What is required:
In the material below, pictures must be dropped. Repeat exactly, and only, the lines from the line with "Delhi residential launches" to the line with "Sixth view of", both ends included.

Material for this exercise:

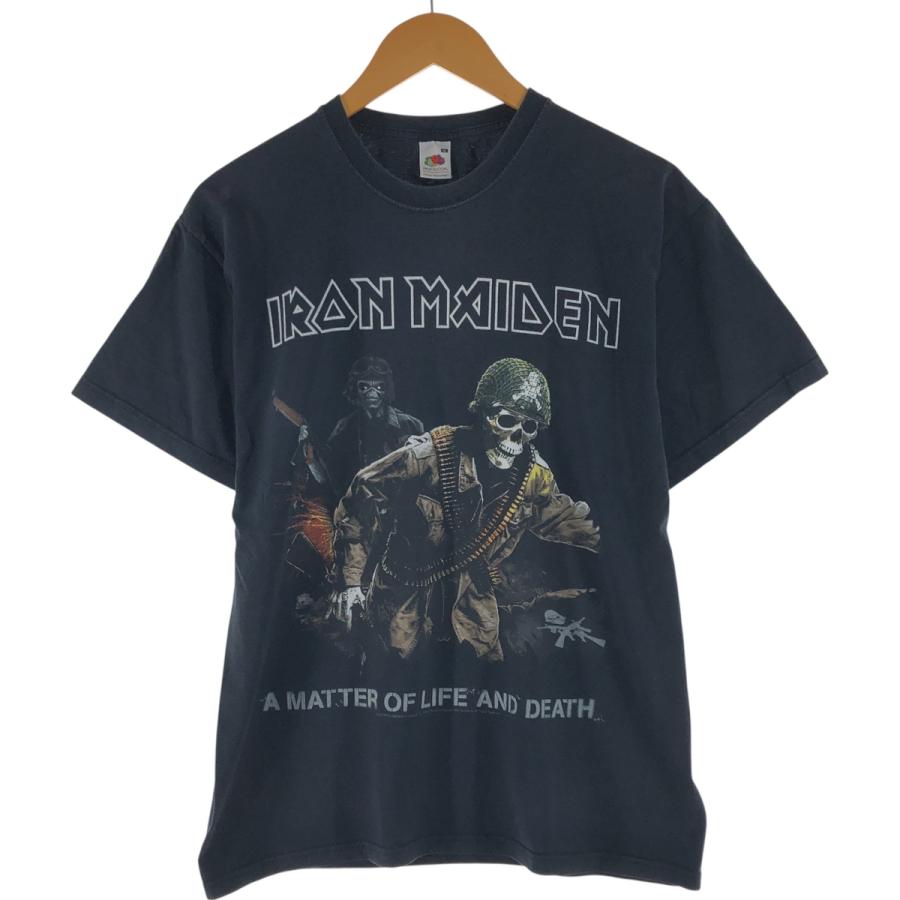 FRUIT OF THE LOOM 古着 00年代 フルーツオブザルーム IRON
--
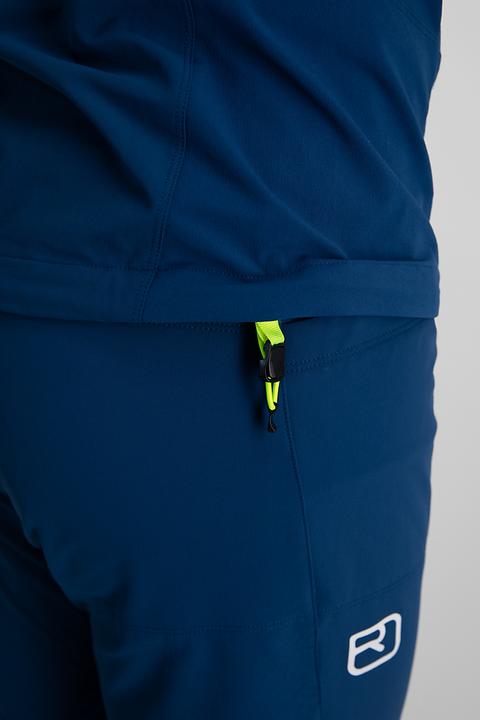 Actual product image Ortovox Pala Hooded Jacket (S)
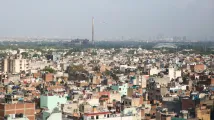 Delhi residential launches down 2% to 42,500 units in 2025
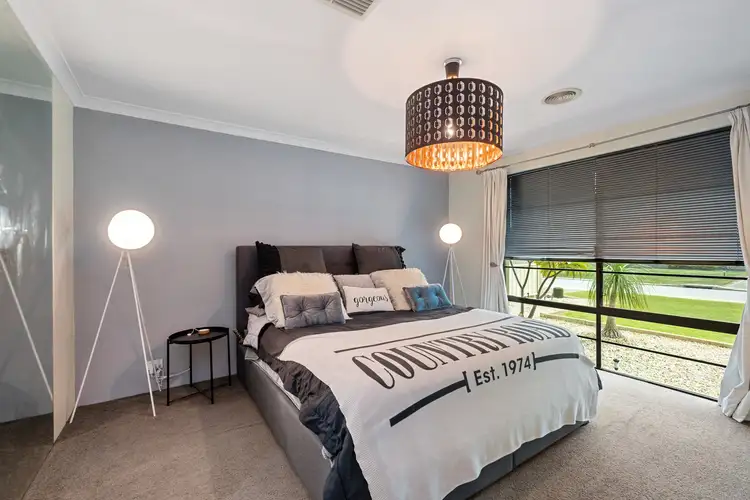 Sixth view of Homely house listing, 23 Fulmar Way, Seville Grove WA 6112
--
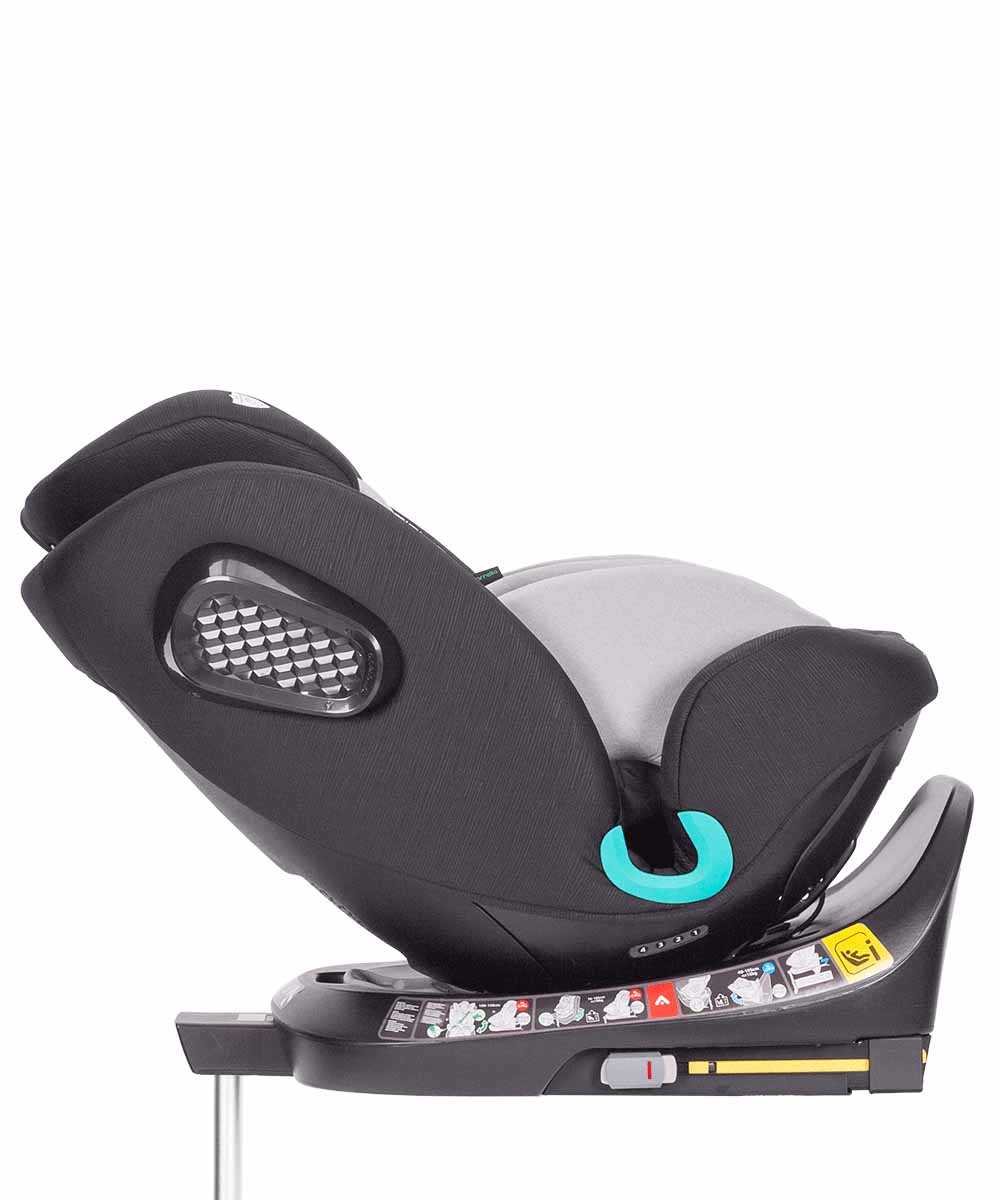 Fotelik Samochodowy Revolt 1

Reply to the task:
 Delhi residential launches down 2% to 42,500 units in 2025
 Sixth view of Homely house listing, 23 Fulmar Way, Seville Grove WA 6112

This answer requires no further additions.